For recent optical communication and imaging systems, photodetectors are playing a pivotal role. Metal chalcogenide-based photodetectors are widely used for visible light photodetection. In this regard, the In2Se3 and Ag2S combined heterostructure is a promising candidate for Visible light photodetection. The annealing-induced Ag2S diffusion into the In2Se3 layer resulted in a high-performance photo detectivity of 7.32 × 109 Jones. It shows the highest photocurrent during both the rise (62.35 nA) and decay (67.74 nA) phases, coupled with a strong Ion/Ioff ratio of 3.96 (rise) and 3.18 (decay). Its rise and fall times (τr = 7.15 s, τd = 6.35 s) are moderate and well-balanced, suggesting efficient charge separation and recombination kinetics. The bandgap of the annealed film increased with the reduction of structural disorder as probed from the UV-Visible spectroscopy and well supported by the DFT result. The amorphous to polycrystalline phase transformation induced surface morphology change, reduced the contact angle, thus decreasing the hydrophobicity. The refractive index decreased with an increase in optical transmission and skin depth, while optical density reduced upon annealing. The X-ray photoelectron spectroscopy revealed the oxidation states of the elements, while energy dispersive X-ray analysis presented the elemental composition in the films.

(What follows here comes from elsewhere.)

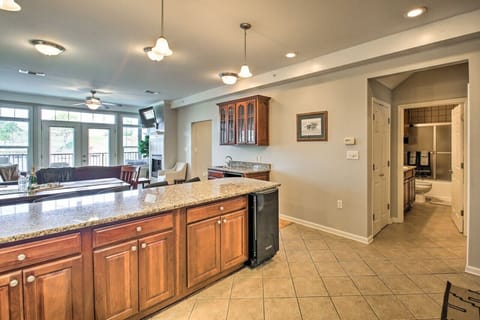 Open-concept kitchen with bar seating and direct flow into the living room – perfect for entertaining.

The heterostructure formation and its mixing upon annealing are viewed from the cross-sectional FESEM images, and the presence of the planes was noticed through HRTEM images. The observed optical properties, along with the enhanced photodetection, pave the way toward the construction of novel III-VI metal chalcogenide-based heterojunctions for high-performance and broadband photodetectors.